# [EVDL] Improving the Efficiency of a Geo Metro EV Conversion



## EVDL List (Jul 27, 2007)

My Geo 1994 Geo Metro EV was originally converted by BAT Intl. It retains the stock 3-speed automatic transmission bolted to an 8" ADC drive motor. Some slippage upon acceleration from dead stop would indicate the torque converter remains. I simply apply throttle carefully, shift the transmission manually as needed, and enjoy doing that.

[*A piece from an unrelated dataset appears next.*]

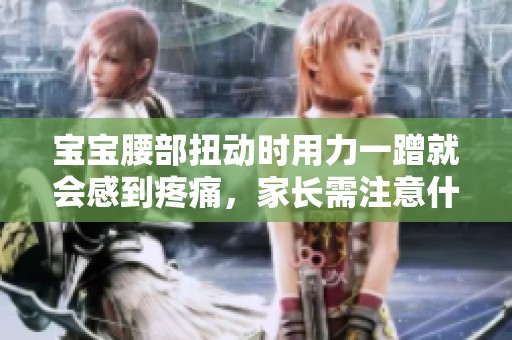 宝宝腰部扭动时用力一蹭就会感到疼痛，家长需注意什么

I'd like to increase the operating efficiency though. What about removing the torque converter and directly coupling the motor output shaft to the transmission input shaft? I'm told its doable provided a suitable coupling is available, or one could be machined if necessary. 
Is it a practical approach to achieving greater efficiency and what are the pluses and minuses? 

Mark 















_______________________________________________
General EVDL support: http://evdl.org/help/
Usage guidelines: http://evdl.org/help/index.html#conv
Archives: http://evdl.org/archive/
Subscription options: http://lists.sjsu.edu/mailman/listinfo/ev


----------



## EVDL List (Jul 27, 2007)

Hello Mark,

Yes, this can be done. See the automatic transmission coupler at:

http://go-ev.net/pics/028.html

Click the images no. 29 and up to see this unit.

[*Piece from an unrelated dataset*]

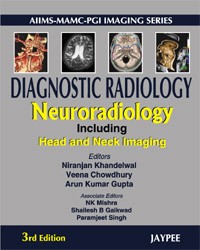 Diagnostic Radiology: Neuroradiology: Including  Head and Neck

This unit is for a GM TH-400 transmission from tci.com . You will notice 
that this tube slides over the transmission input shaft just like a torque 
converter does.

The other end is a spline shaft that is allow to slide back and forth by 1/8 
to 3/16 of a inch. This is how much a flex plate would flex when using with 
a torque converter.

The spline flange coupler is furnish with the drive tube and has snap rings 
on it to adjust the amount of back and forth movement.

This company may or may not have this unit for your transmission, so some 
guys will take a torque converter and cut it open and weld it solid to the 
end plate that is then bolted to a flex plate which is then bolted to the 
motor coupler and you will maintain the amount of flex is needed.

You have to weld shut the end of the tube going to the back torque converter 
flange, to contain the transmission in the transmission.

If you use this type of method of hacking up a torque converter housing 
which will reduce a lot of weight, you will have to have it balance.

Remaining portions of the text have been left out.